The signs were there.

Barbra Streisand, brilliant actress, songwriter, singer, producer, screenwriter and Duck Sauce songstress, has just released her memoirs under the title my name is barbaraand in them they relate lots of anecdotes about his life on stage or behind the cameras and also about his private life. Your nose is a topic that has its own space dedicated among the almost 1000 pages of the book, but let’s look better at one of its great leftovers, yentl.
yentl is a musical movie from 1983 directed and starring Barbra Streisand who plays a young Jewish woman from the 19th century who disguises herself as a man in order to study the Torah, Jewish law, in a society where women are prohibited from entering to religious education. While adopting the identity of his late brother, Yentl faces emotional and social challenges, including the fight to hide your true identity and his growing attraction to a fellow student. The film addresses themes of gender, identity and the desire to pursue dreams against social norms, all framed in a beautiful soundtrack and an outstanding performance by Streisand.
Spiritualism sessions
But how did Barbra Streisand come to record a film that would ultimately help her win not one but two Academy Awards? Well, there was a bit of stubbornness and a bit of occultism, since I was beginning to lose interest in filming this adaptation of Isaac Bashevis Singer’s short story after receiving several noes from many other producersbut his father’s spirit made him renew his desire to film it.

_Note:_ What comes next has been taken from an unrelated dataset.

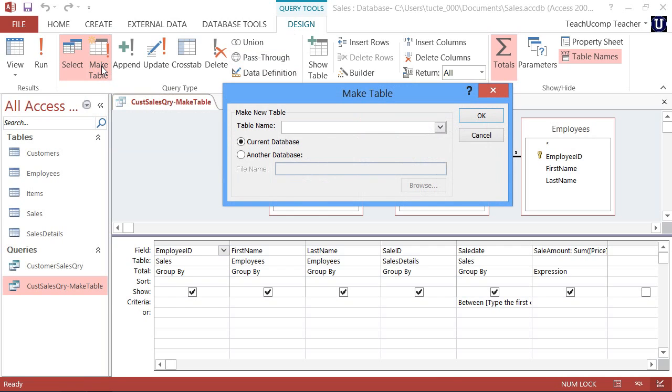In the MakeTable dialog box that appears, you can type a name for the new table that will be created when you run the query.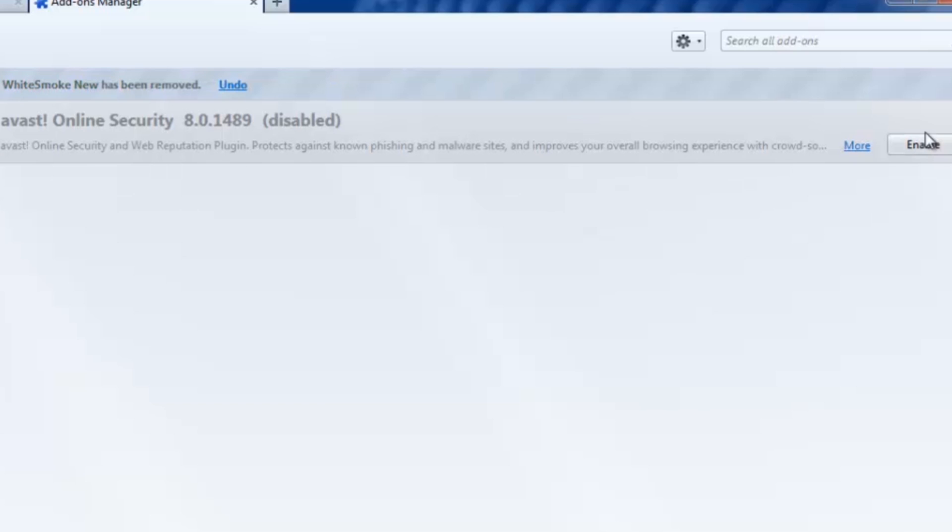and just like that, you can see the little update here that WhiteSmoke New has been removed, and it's just that easy.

It all starts with Streisand’s brother, Sheldon, going to one of these sessions and according to him, contacting his late father. Sheldon’s enthusiasm was such that he managed to convince his sister to pay a visit to the aforementioned spiritualist, and Barbra Streisand ended up terrified but convinced that what had happened there was realalthough I still didn’t know what I had to do yentlbut the seed had already been planted.
In the session, the medium devised a system to communicate with the dead through knocks on the tablewhere a certain number of strokes was equivalent to a letter and so on. One of the spirits gave them only an A, from their grandmother Anna, but the next, more energetic, spelled “Manny”, the father’s nickname. And she continued to spell: “I’m sorry. Sing with pride.” “It sounds incredible,” writes the actress and singer, “but it’s the damn truth,” she says.
But why precisely Yentl?
Her father’s supposed message is still ambiguous for a person who has dedicated his entire life to singing and acting, so why did Barbra know that he was saying it for yentlthe work in which he had already lost all hope? That came days later, with the now writer also wanting to know more about her father, so she visited her brother at her house and dedicated herself to seeing old pictures. One of them was from his father’s grave, where he could see that The tombstone next to his bore the name Anshel.which also turns out to be the pseudonym that Yentl uses in the original story of Singer when posing as a man, and, as Streisand points out, “it’s not the most common name in the world.”